::: Material provided :::

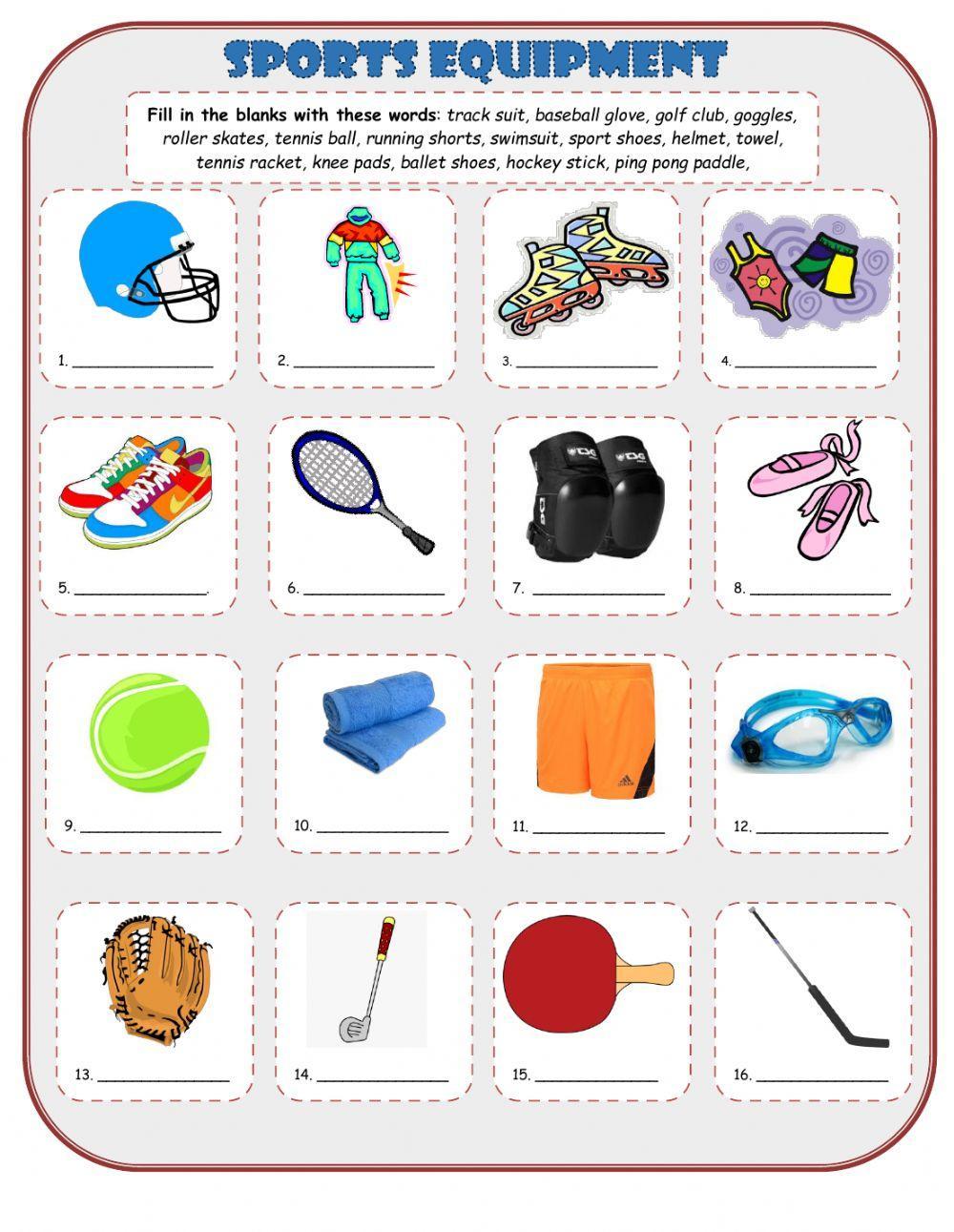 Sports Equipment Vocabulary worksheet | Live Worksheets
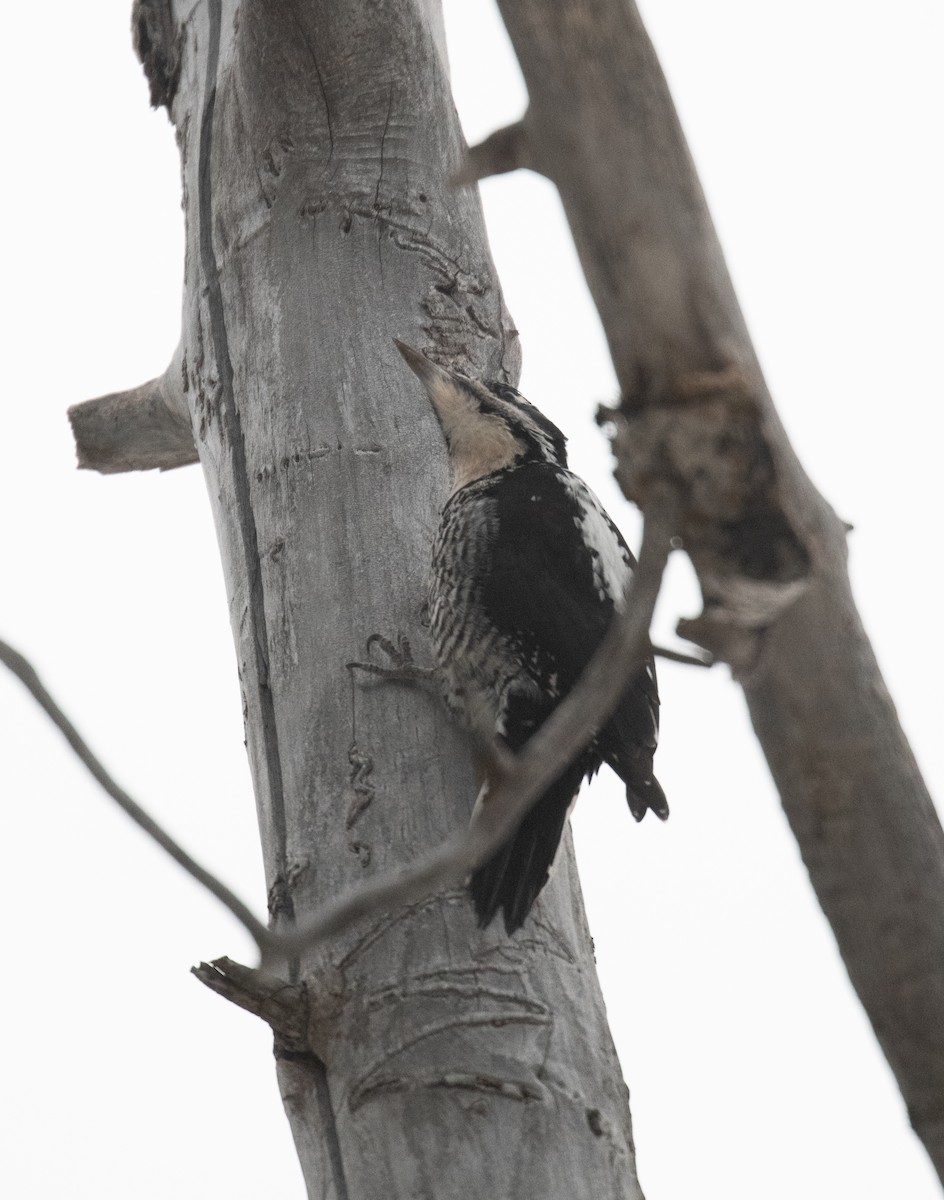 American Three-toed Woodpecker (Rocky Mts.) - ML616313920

:::
::: Material provided :::

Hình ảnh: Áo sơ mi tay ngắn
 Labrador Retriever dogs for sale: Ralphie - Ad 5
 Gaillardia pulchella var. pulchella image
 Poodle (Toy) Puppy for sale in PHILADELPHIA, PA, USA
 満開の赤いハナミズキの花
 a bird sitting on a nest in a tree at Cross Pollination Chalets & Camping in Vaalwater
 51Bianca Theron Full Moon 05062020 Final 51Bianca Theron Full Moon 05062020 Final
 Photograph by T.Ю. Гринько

:::
::: Material provided :::

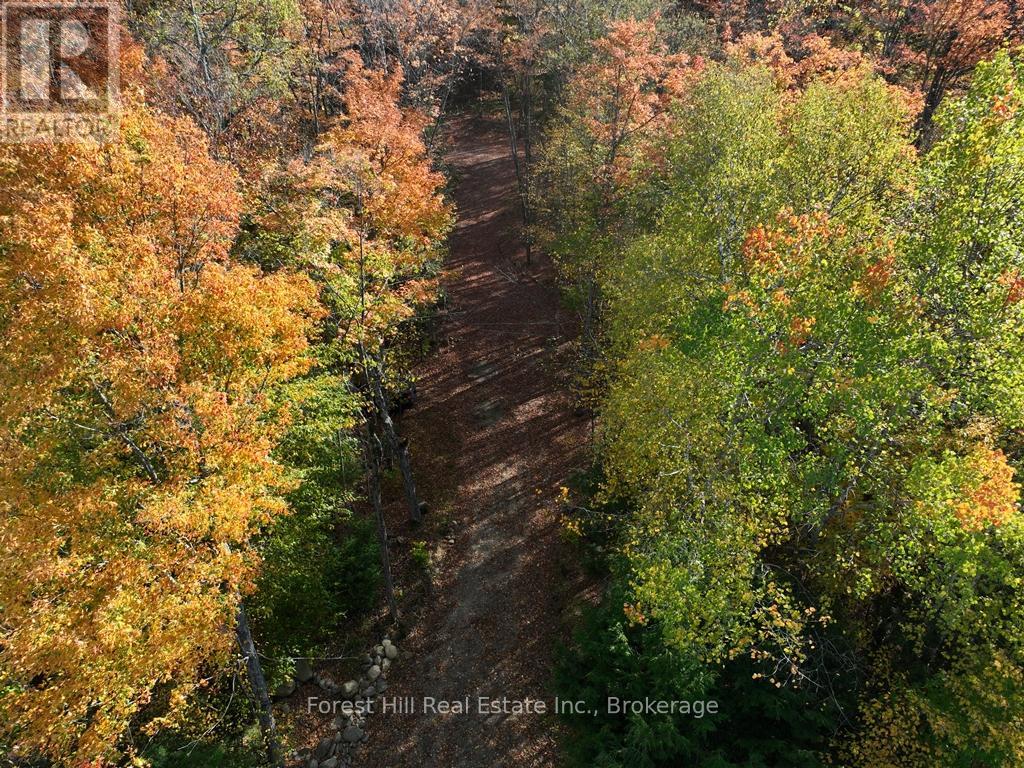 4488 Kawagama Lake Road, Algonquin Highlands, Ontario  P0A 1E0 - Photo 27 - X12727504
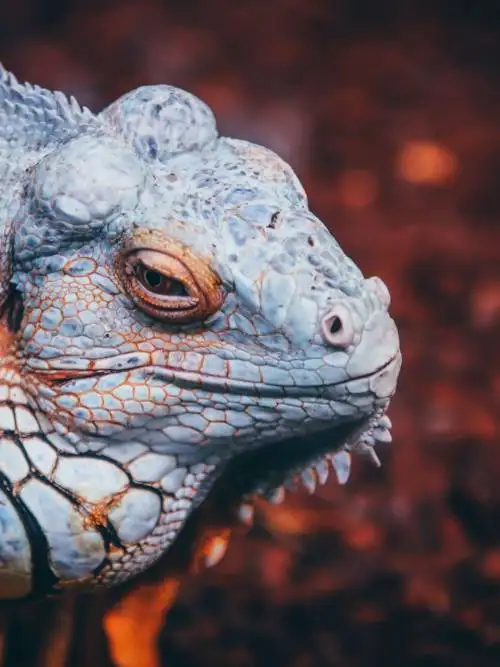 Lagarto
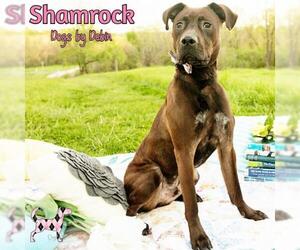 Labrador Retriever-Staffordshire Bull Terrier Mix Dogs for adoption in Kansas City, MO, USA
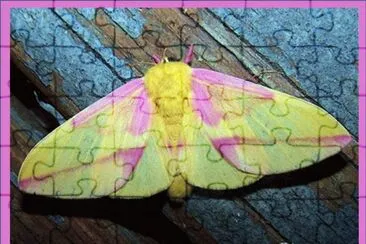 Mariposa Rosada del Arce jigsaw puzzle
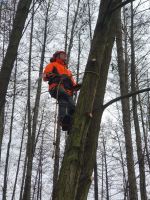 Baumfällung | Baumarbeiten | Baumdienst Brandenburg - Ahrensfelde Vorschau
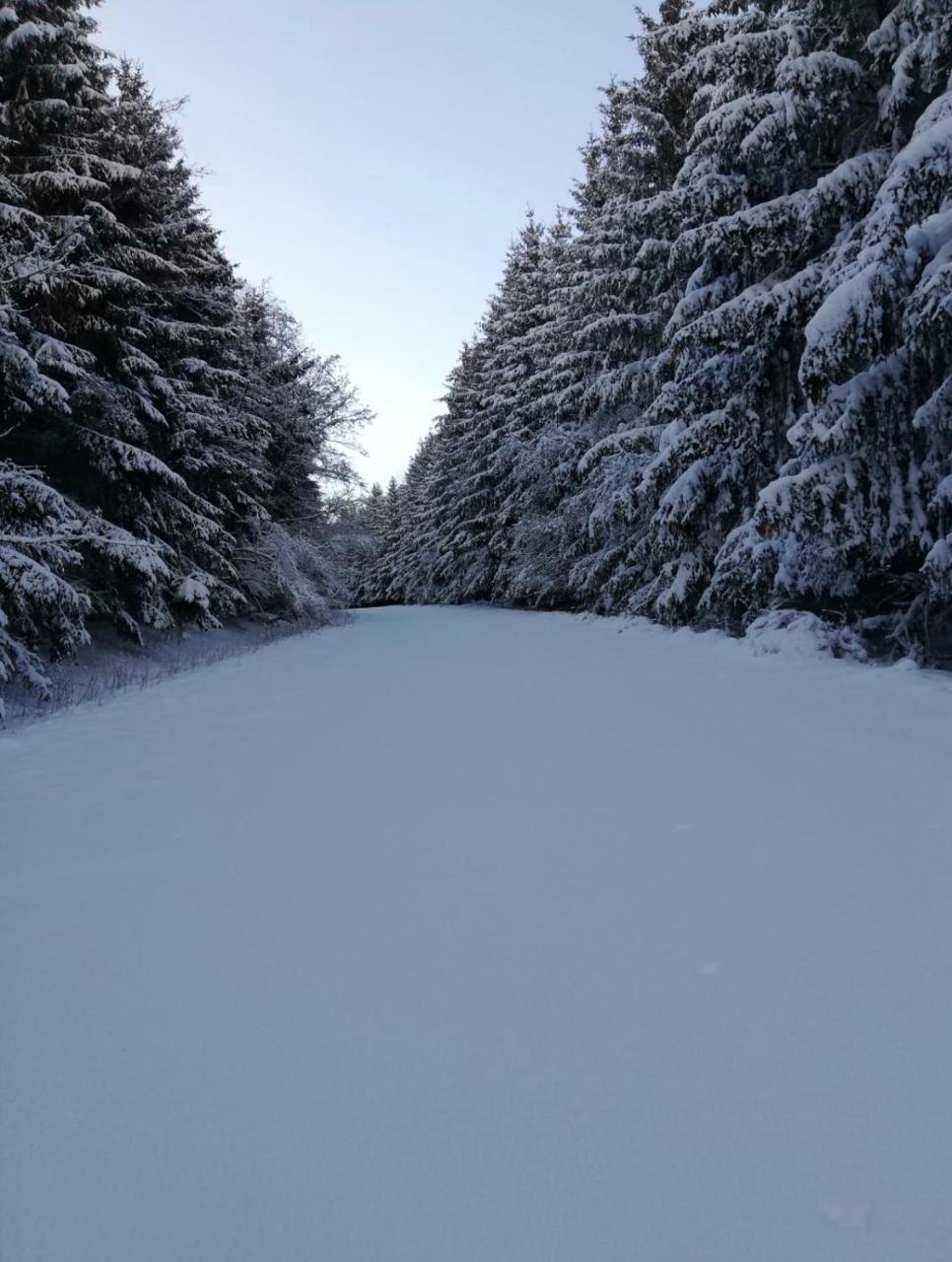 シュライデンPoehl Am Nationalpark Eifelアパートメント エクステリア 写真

:::

Look back at the entries above and repeat, unchanged, every line from the line holding "Poodle (Toy) Puppy" through the line holding "Photograph by T.Ю. Гринько".

 Poodle (Toy) Puppy for sale in PHILADELPHIA, PA, USA
 満開の赤いハナミズキの花
 a bird sitting on a nest in a tree at Cross Pollination Chalets & Camping in Vaalwater
 51Bianca Theron Full Moon 05062020 Final 51Bianca Theron Full Moon 05062020 Final
 Photograph by T.Ю. Гринько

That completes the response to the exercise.